For me, I can get away with pretty much anything for a half. I've run with food poisoning (or rather I had been up all night with it), electrodes attached to my chest, and all sorts of other non-desirable conditions. For a full, I can finish in any condition BUT I like to feel good when I finish. I'm not rigid in training like it's all consuming and I like what I do but I also try very hard to be diligent.

The full is a different beast. You can do it but the more ready you make your body, the better you'll feel at miles 18, 19, 20...that and at the finish.
kacie tri-ing2010-05-01 10:41:45 +0000 #6
I dont' really know, but you are in great shape...I would imagine that if you got those long runs in you would be ok (though it might hurt :-) )
katluvr2010-05-01 09:49:24 +0000 #7
Interesting read, since many of you see my posts and know I am training for a full marathon. And I picked a very structered and (to me) agressive training plan. I run 5 out of 7 days. I had a bad 7 miler on Sunday. (How bad can 7 miles be??)

Not only is this my first marathon, but I have set a lofty time goal.

That being said, I may re-think that.

My decision to go very structured is that is what I felt I needed. Too often I think I'm to tired or I'll run tomorrow or blah blah blah. (Skip workouts) So I wanted to push myself.

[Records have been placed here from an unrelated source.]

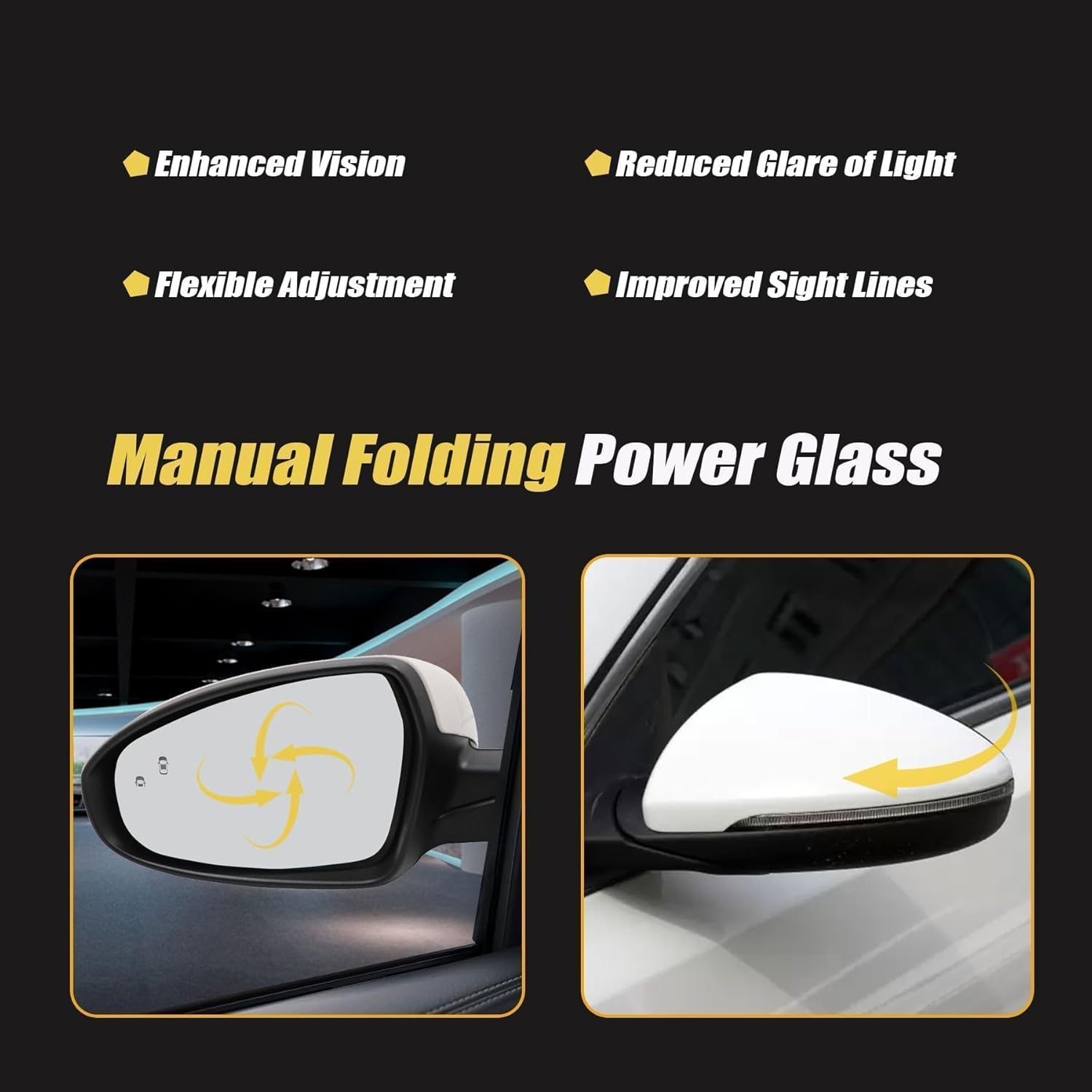 XQSMWF Driver Side Mirror Assemblym, Fit for KIA Forte 2019-2024 Replace 87610M7090 KI1320225 With Left Side Turn Signal Lamp Power Glass Heated Manual Folding Blind Spot Detection 8Pins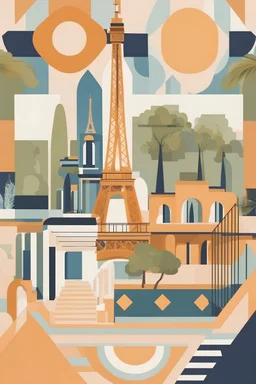 Explore the essence of a Retro Mediterranean Retreat, highlighting the iconic Eiffel Tower through sleek geometric designs and sophisticated color schemes. Delve into the nostalgia of a bygone era and let your creativity flourish.ut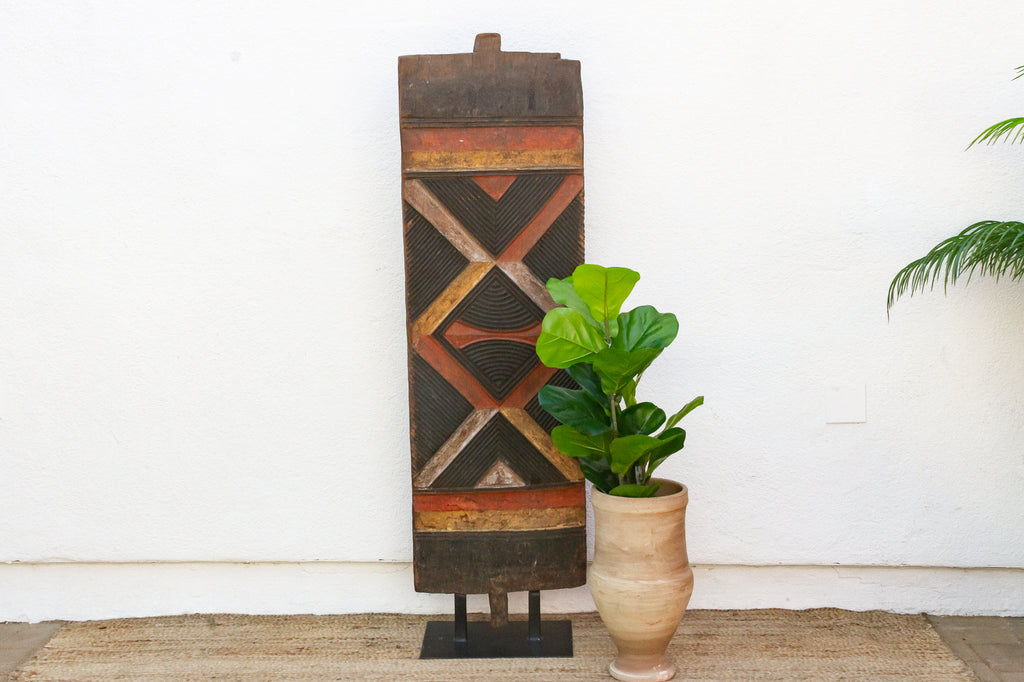 Early 20th Century Carved & Painted Bwa Door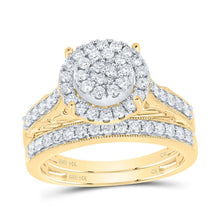 Load image into Gallery viewer, 14K Yellow Gold Diamond Double Halo Bridal Set 7/8 Cttw - Splendid Jewellery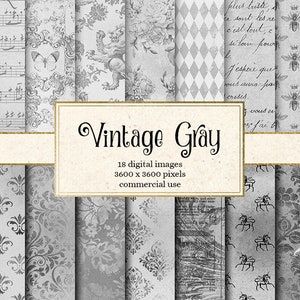 Vintage grijs digitaal papier, rustieke grijze texturen, noodlijdende antieke achtergronden, grijs afdrukbaar plakboekpapier, commercieel gebruik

That being said...week 3 of running 5/7 days and I am tried. I am so glad NOT to put the running shoes on today (my rest day).

So I think it depends on your goals.

How motivated you are WITHOUT a very structured plan.

And over all fitness.

K
OakLeaf2010-05-01 10:41:09 +0000 #8
Well....

I haven't signed up for a race yet. The two I'm looking at are Virginia Beach (3/20) and Cleveland (5/16). So a minimum of 19 weeks from now, a maximum of 27. I need to just make a decision.

I know "half-assed" is a little flip. It's the term I used this spring: forums.teamestrogen....29015&highlight=nuts when I wondered whether I could do two events this fall without killing myself. (Which I did. And had fun. And didn't get injured. And finished the half very close to my original goal time, which I'd given up hoping for when my training kind of fell apart this fall - around the 75th percentile for my age group.) I tried to be focused and consistent in my training, and to use the general principles of published training plans without adhering to any one. I gave myself the flexibility to take a rest day or an easy day when I felt I needed it - figuring that it was my body trying to tell me something.

I could use the term "self-coached," but you know what they say about a lawyer who represents herself, and I think the same goes for trainers.

I spent a lot of time last year asking people how long they trained for their first marathons. Most of the answers came back over a year... but I forgot to ask them, "starting from what?" I'm not starting from the couch - all the free published training plans give me plenty of time.

Part of why I want to do a spring marathon is that I can be a lot more consistent with my training in the winter when I don't have to teach aerobics. Part of it is that I don't ever want to feel like I can't take the time to ride my bike over the summer. Part of it is that I feel like I can be ready, so I should just do it.